From http://pixhst.com/avaxhome/2008-02-01/cbkspot2mu.jpg

Originally an installation piece made more candid as a peepshow exhibition, of chapter chunks like the ten the sixty minute epic is split into, Cowards Bend The Knees has Maddin drag Maddin through dirt. Literally, as Guy Maddin (Darcy Fehr), an ice hockey player, leaves his girlfriend Veronica (Amy Stewart) to die of an illegal abortion to lust after Meta (Melissa Dionisio), the daughter of Liliom (Tara Birtwhistle), owner of a hair dressers that's a bordello at night. Meta wants revenge on her mother and her younger lover Shaky (David Stuart Evans), the captain of the ice hockey team, for murdering her father, loving to her and his hands blue because of the dyes used in his hairdressing work. Planning to have her later father's persevered hands grafted onto Maddin, only for trick ones to be given to him by Dr. Fusi (Louis Negin), she tempts him into murdering her mother and Shaky with the promise of her body, his hands seemingly possessed by the ghost of her father despite being his original ones painted blue. Veronica, despite dying, comes back as a ghost and is having a relationship with Maddin Sr. (Victor Cowie), Guy's father. Somehow, in only sixty minutes, this perverse, blackly humoured work juggles between intentionally falling off the rails and being tied up in a cohesive structure. Maddin deliberately goes against the notion that any event has to be the same as the rest of a story's structure, letting the events dictate the structure instead, including those that go into the completely absurd and goes against conventional rationalisation. In terms of "conventional" rationalisation, that which is would soften some of the material to not feel like a film is jarring between different moods and tone. Maddin goes against this but keeps the appearance of the film in one consistency in style. The content exists in its own logic, that of lurid and unpredictable cinema from a yesteryear. A yesteryear that doesn't exist and comes from its own plane of reality. In cinematic terms, Cowards Bend The Knees is not your ordinary murder revenge story, particularly when it's the tale of a murder-revenge with ice hockey museums in the lofts of the ice rink full of wax mannequins of dead hockey player, out-of-left-field sexual practices not even seen in some porn, and blue filter, in a black and white film, to show the majesty of blue hands.
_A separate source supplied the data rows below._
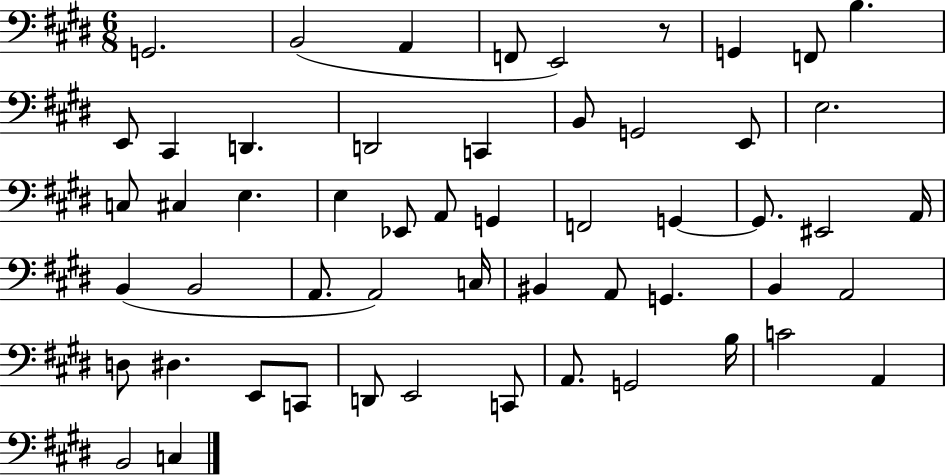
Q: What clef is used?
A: bass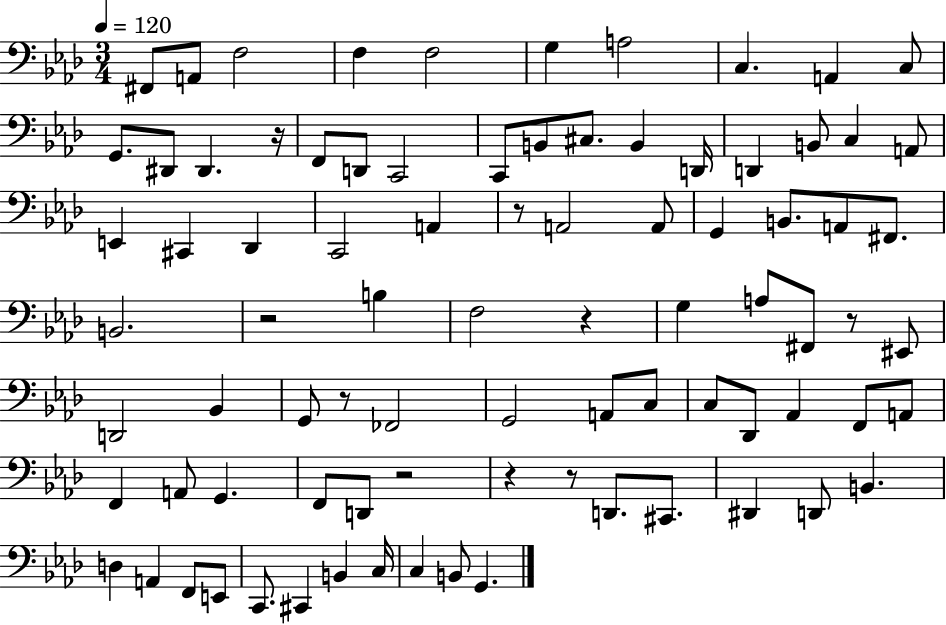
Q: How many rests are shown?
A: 9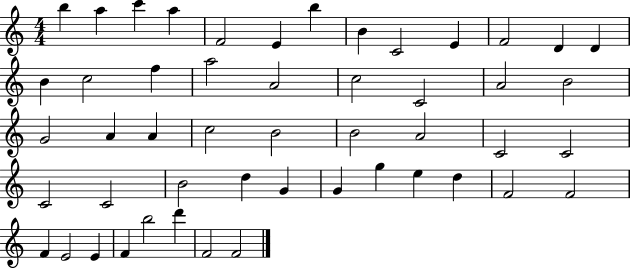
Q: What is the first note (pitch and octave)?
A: B5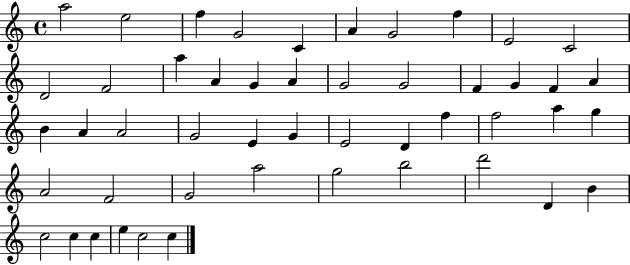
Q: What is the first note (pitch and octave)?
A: A5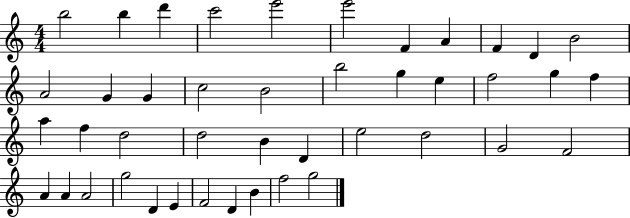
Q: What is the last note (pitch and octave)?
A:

From http://1.bp.blogspot.com/-ElY6A-E5z7A/UxTLuqCbJoI/AAAAAAAABic/VJG-soXAr9M/s1600/Screen+shot+2014-03-03+at+18.32.48.png

His work is an ode.  Not only to the film making techniques of the past, arcane rather than nostalgia, contacting once dead cinematic practices, which went further to the director currently holding recorded séances for lost films, but also an ode to the lack of pristine gloss. The concept of viewing films scratched up and with jittering frames. It's sad to see old silent films battered, and we prefer them restored and almost brand new, but there is something irresistible to seeing them with scratches too, textures that makes them unique compared to other films. Cowards Bend The Knees, the images shown through a circle surrounded by complete black, of its peepshow origins and very old silent films, is made to look like a blurred and damaged film print Maddin discovered in a basement of a Canadian home, sordid hyper stylised thrills that would've gotten the scissors on it by censors back in granddad's day, frames moving and the actors at points distorted into figures of pure grain as they are clear and beautiful in portraying these exaggerated archetypes. Entirely silent, with intertitles, it charges ahead with its content in quick, sharply edited images clearly learnt from Soviet propaganda cinema. The content itself manages to be shocking and surprising, yet this style wrangles it all together into one cohesive whole.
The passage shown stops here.